The structural system is a set of interconnected vertical and horizontal load-bearing structures of the building, providing its strength, rigidity and stability.
The building system of the building determines the material of the structures and the method of its erection .
Most industrial buildings have a framework structural system.
This is due to the presence in many industrial buildings of large concentrated loads, shocks and shocks from technological and crane equipment, large glazing areas.
The framework of a one-story industrial building is a spatial system consisting of transverse frames united within each temperature block by coating plates, bonds, sometimes building structures, etc.
Transverse frames consist of columns and rafters (girders).
The method of connecting the crossbar to the columns can be rigid and hinged, and the columns to the foundations, as a rule, rigid .
Hinged connection of girders with columns facilitates their independent typification and unification .
The frame design scheme ensures the free layout of the premises, maximum unification of the prefabricated elements and the most economical solution of both single-storey and multi-storey buildings.
When assigning enclosing structures, they are guided primarily by ensuring the necessary heat protection requirements.
In a given climatic area of construction, they must provide min. heat loss in the cold period of the year and prevent overheating in the summer .

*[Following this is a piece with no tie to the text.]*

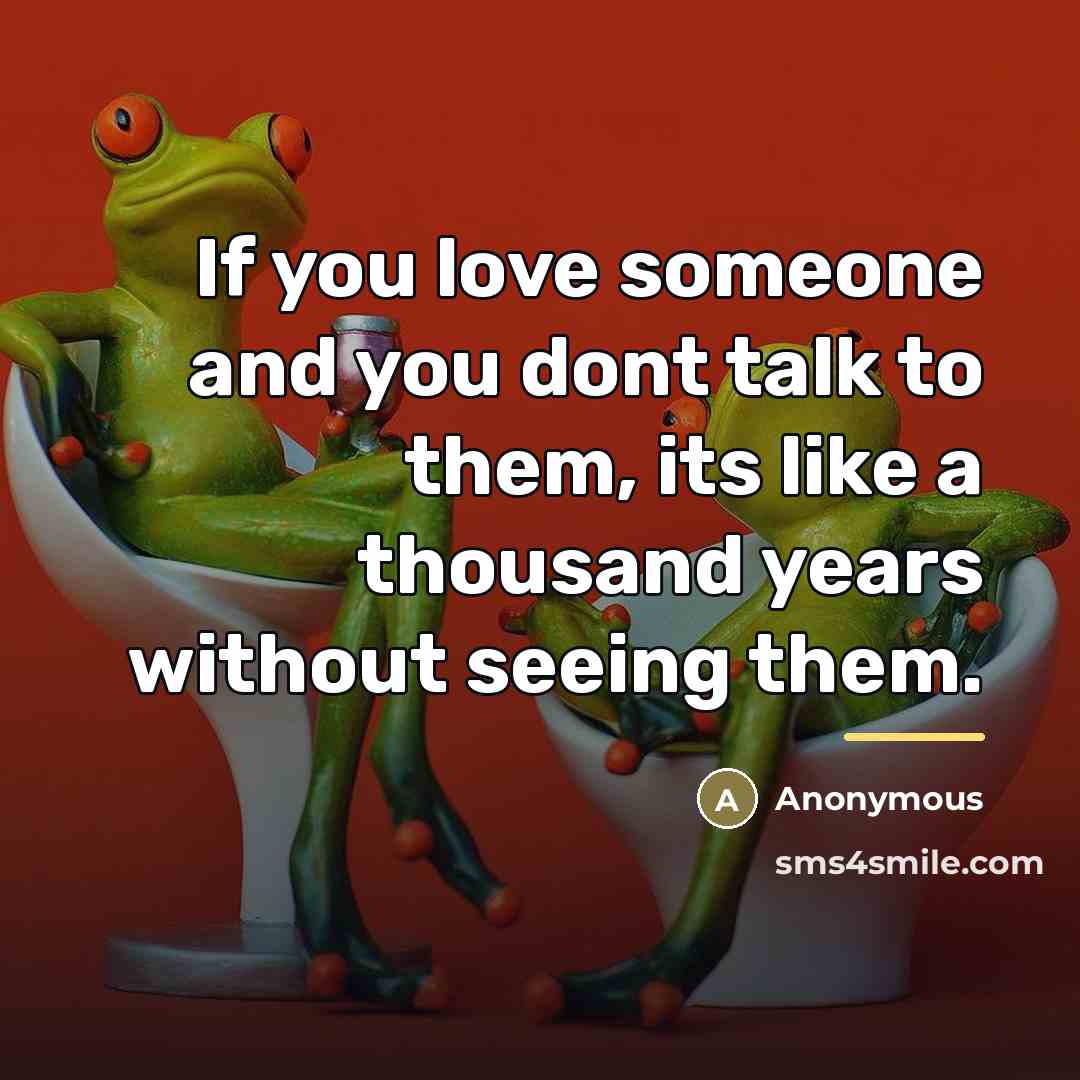 “If you love someone and you dont talk to them,…” quote by Anonymous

Bearing and enclosing structures of production buildings shall be designed using unified prefabricated elements of industrial manufacture.
The structural diagram of the building should provide maximum "flexibility" of the internal space, i.e., not filled with its vertical load-bearing structures.

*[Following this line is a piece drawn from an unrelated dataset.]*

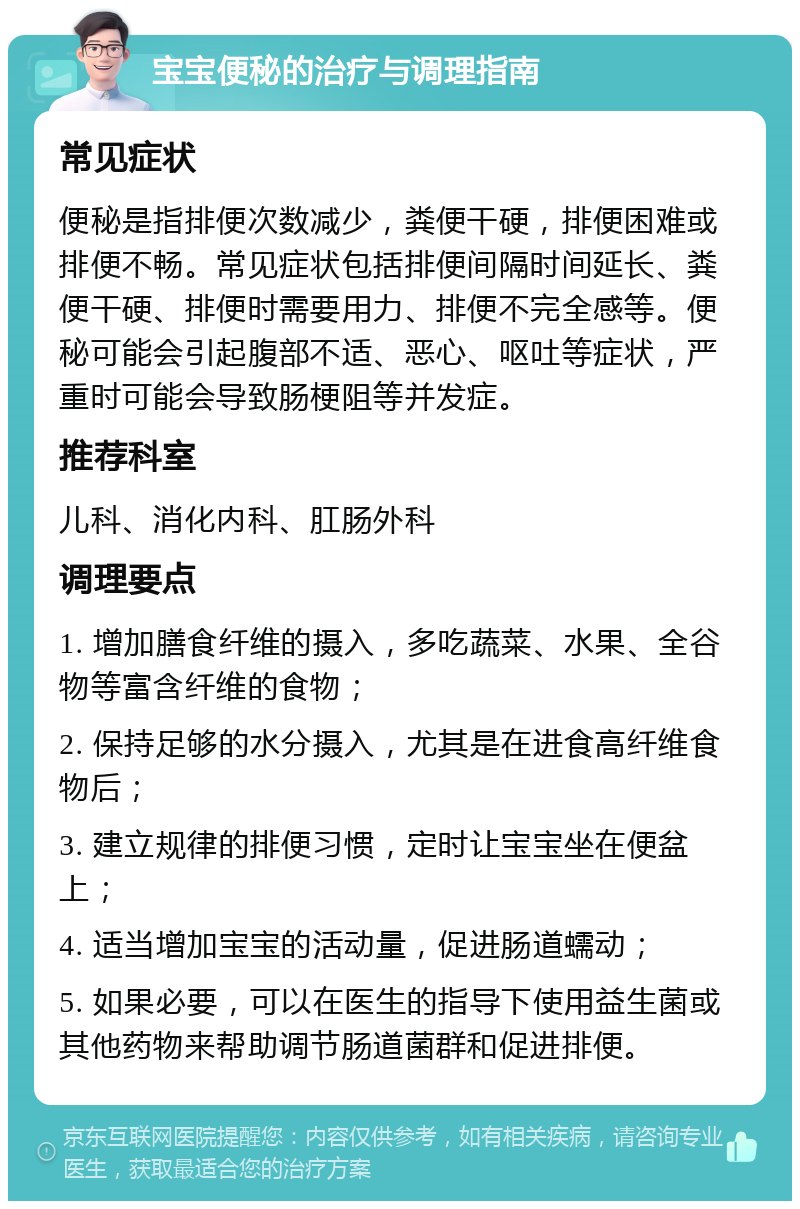 宝宝便秘的治疗与调理指南 常见症状 便秘是指排便次数减少，粪便干硬，排便困难或排便不畅。常见症状包括排便间隔时间延长、粪便干硬、排便时需要用力、排便不完全感等。便秘可能会引起腹部不适、恶心、呕吐等症状，严重时可能会导致肠梗阻等并发症。 推荐科室 儿科、消化内科、肛肠外科 调理要点 1. 增加膳食纤维的摄入，多吃蔬菜、水果、全谷物等富含纤维的食物； 2. 保持足够的水分摄入，尤其是在进食高纤维食物后； 3. 建立规律的排便习惯，定时让宝宝坐在便盆上； 4. 适当增加宝宝的活动量，促进肠道蠕动； 5. 如果必要，可以在医生的指导下使用益生菌或其他药物来帮助调节肠道菌群和促进排便。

3.1. Structural diagram of the building
The one-story industrial building has three parallel spans and one perpendicular. The spans are separated from each other by rows of columns with a pitch of 6 meters. The building is made with bridge cranes with a lifting capacity of 20/5 tons.

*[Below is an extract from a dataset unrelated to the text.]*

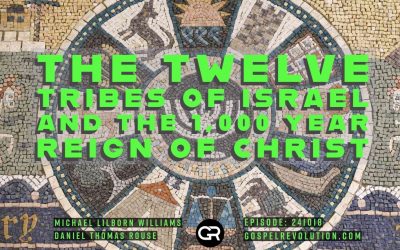 241018 The Twelve Tribes of Israel and The 1,000 Year Reign of Christ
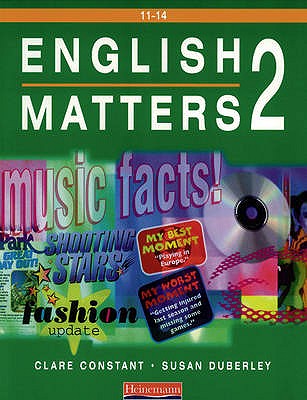 English Matters 11-14 Student Book 2 - Constant, Clare, and Duberley, Susan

Reference columns to cross-laying axes: the first and last columns of each longitudinal row within each temperature block have a reference to the transverse axis equal to 500 mm. Middle columns snap to axes in the middle.
Reference columns to longitudinal layout axes: the columns of the outermost rows have a reference "0," which is used for all frame materials in crane-free buildings, in buildings with suspended and bridge cranes with a carrying capacity of up to 30 tons, a column pitch of 6 meters and a building height of up to 14.4 meters.
Column grid: spans 24 and 30 m, room height 10.8 m
Coating layout: Coating plates are laid directly on the truss where they are attached to each other with embedded parts.
Rafter trusses are used for spans 18.. 36 m, in this case spans 24 and 30 m a rafter truss is used .
Division of the building into temperature blocks: With a large length in the transverse and longitudinal directions, the building is divided by temperature joints into separate blocks. The length of this building in the longitudinal direction is 96 m, therefore it is divided into two temperature blocks separated by a temperature joint. Their main purpose is to reduce additional forces in the columns from forced movements of longitudinal and transverse elements of the building due to changes in ambient air temperature and shrinkage of concrete .
3.3. Colons
In this project, at the extreme longitudinal axes, columns 6K1081 are reinforced concrete for buildings with a height of 8.4; 9.6 and 10.8 m (series 1.424.1-5 ).
Their number is 62 pcs, the weight of the column is 7.6 tons. In the drawings, the marking is K1.
At the middle longitudinal axes, 12K1081 columns are reinforced concrete for buildings with a height of 8.4; 9.6 and 10.8 m (series 1.424.1-5 ).
Their number is 36 pcs., column weight is 10.0 tons. In the drawings, the marking is K2.
1KF105 columns with a size of 300x300 mm reinforced concrete of a continuous rectangular cross section for the longitudinal and end fuselage of single-story industrial buildings 3.014.4 m (formwork forms of the 1.427.1-3 series) were also adopted.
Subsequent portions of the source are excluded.